Up at Treganter Towers soon after, I ran into two Filipina amahs who work in the complex but say they have decent employers. They tell me that the publicity has angered some Chinese in the building. "I don't know why they treat us like we're not human," says one. "We are the ones who are raising their children."

And the infamous sign from atop the Bund? Again, the news is not comforting for those who associate all villainy with the West. In 1973 Richard Hughes returned to Shanghai after many years of absence and devoted his subsequent column in the Far Eastern Economic Review to puncturing the legend. The sign, he said, was not a sign at all but "a paragraph in a great list of municipal proscriptions--in Chinese, never in English--which was exhibited outside the park from 1868 until 1925. Following the May 30 demonstrations in that year, the British quietly removed it." That may explain the origins. But no one has yet explained how so many people came to believe otherwise.

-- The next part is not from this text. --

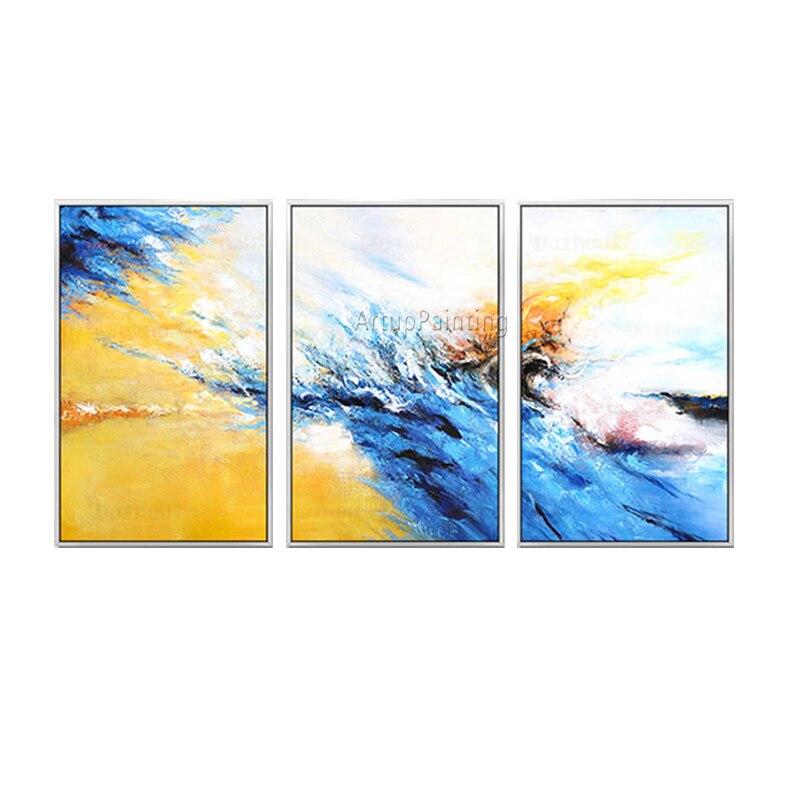 Pintura en lienzo para decoraci&oacute;n, 3 piezas, acr&iacute;lico, azul, amarillo, arte de pared, im&aacute;genes para sala de estar, abstracto moderno 14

Until now, that is. Lynn Pan, author of several books on Shanghai, says the source of the myth was revealed to her during a visit to the basement of the Shanghai Museum. In the course of her research for a just-released photo essay on old Shanghai, she stumbled across not one but an entire cache of "No Dogs or Chinese" signs that had been manufactured by Party authorities to parade before visiting foreign delegations as evidence that Noel Coward really had it right when he linked mad dogs with Englishmen. "People swear until they are blue in the face that they saw it on the Gardens," says Miss Pan, who fled the city with her family in the 1950s. "But it was never there." Perhaps it was the noonday sun.

Mr. McGurn is senior editor of the Far Eastern Economic Review.